One Life (2023, dir. James Hawes)

by | Jan 3, 2024

Certificate: 12A

Running Time: 110 mins

UK Distributor: Warner Bros

UK Release Date: 1 January 2024


Anthony Hopkins, Johnny Flynn, Lena Olin, Romola Garai, Alex Sharp, Jonathan Pryce, Helena Bonham Carter, Samantha Spiro, Ziggy Heath


James Hawes (director), Lucinda Coxon and Nick Drake (writers), Iain Canning, Guy Heeley, Joanna Laurie and Emile Sherman (producers), Volker Bertelmann (composer), Zac Nicholson (cinematographer), Lucia Zucchetti (editor)


Nicholas Winton (Hopkins), who saved numerous children during the war, receives an unexpected surprise…


[This is a slightly re-edited version of our review for One Life from its showing at the BFI London Film Festvial]

At some point during a few of your doom-scrolls on YouTube and Facebook – don’t deny it, we’ve all done that at least once in our lives – it’s likely that you’ve come across a few videos with clickbait titles like “This is the most moving thing ever” or “Watch this beautiful moment of live television”, all depicting the same event. On a 1988 episode of consumer affairs programme That’s Life!, an elderly audience member by the name of Nicholas Winton was revealed to have been a key figure in early-war heroics that resulted in the relocation of hundreds of vulnerable children in Central Europe, leading to a few further on-air surprises that more than earn those clickbait-y titles.

Winton’s incredible story is finally relayed in movie form with One Life, a moving and handsomely told biopic that will easily win over audiences, even when it doesn’t always escape its conventional trappings.

The film goes back and forth between two different parts of Winton’s life: first when, as a young man in 1930s Britain, Winton (Johnny Flynn) dedicates himself to arranging the safe passage of young Jewish children from Czechoslovakia following the Nazi’s annexation of the Sudetenland; and second decades later when Winton (Anthony Hopkins) goes through his old records during a tidy of his study, and decides to find somewhere that they can be best put to use, which eventually leads to that fateful television episode of That’s Life! where he receives the most pleasant of surprises.

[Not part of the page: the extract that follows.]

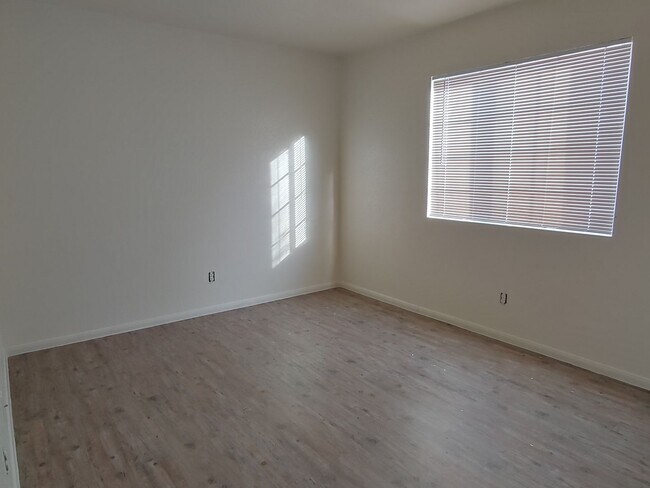 Building Photo - 1884 Nebula Dr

The feature debut of director James Hawes, who had previously been behind episodes of Black Mirror, Doctor Who and Slow Horses among other television work, One Life certainly follows a familiar pattern when it comes to this kind of biopic. You get a lot of standard scenes where the central figure goes from one showstopping monologue straight into another (whether it’s in a different timeline or not), with many of Winton’s wartime heroics somewhat watered down to make the film’s narrative flow a bit smoother, and certain supporting characters – namely Helena Bonham Carter as Winton’s German-born mother, who assists her son on his noble mission – providing light comic relief every now and then to offset the heavier emotional moments. The script, credited to Lucinda Coxon and Nick Drake, goes through many of the expected motions also found within similar biopics about historical figures, and sticks safely to that pattern without much deviation, which in a way does make it feel less profound than a story like this truly deserves.

However, when it does manage to overcome some of its familiarity, One Life works rather well to show how much this singular event clearly meant to this person, and how despite the good it did for so many people he never really took credit for his actions until he was unearthed on live television. The strand featuring Anthony Hopkins as Nicholas Winton is the stronger of the two, not just because Hopkins delivers a truly sublime performance – though Johnny Flynn does very good work here as well – but also because you really do feel this weight of guilt and uncertainty overshadowing him as he reminisces back to his defining moments. Both the script and Hawes’ direction manage to focus tightly on his inner struggle without wholly lionising him, which it is much more on the verge of doing during the Flynn-led strand.

It goes without saying that the best moments in the film are during the taping of those legendary That’s Life! episodes which, if you’ve seen those online videos, you’ll already know how emotional they ended up being for everyone involved, but in these re-enactments, they really do leave you in a way where you’re undoubtedly choked up whilst watching them play out. The direction, writing, editing, musical score, and certainly the acting all harmoniously work to deliver the right mood for these powerful scenes, and they land rather beautifully without overdoing the melodrama, and giving this main figure the kind of treatment that his heroic actions absolutely call for.

If the script had taken a few more chances with the real-life story it’s been tasked with telling, One Life could easily have been one of those films that would be fondly remembered as one of the great British war dramas. As is, it’s pleasant viewing with moments of brilliance, but its conventional trappings are a tricky pit to crawl out of, rendering it perfectly watchable but far from fresh and sadly not quite as profound as the real-life exploits of Nicholas Winton, as previously seen in those clickbait videos, should be portrayed.


One Life is a handsomely told and well-acted account of the wartime heroics of Nicholas Winton, and his televised surprises later in life which are effectively recreated, though the script sticks too closely to safe biopic conventions for it to land quite as well as it ought to.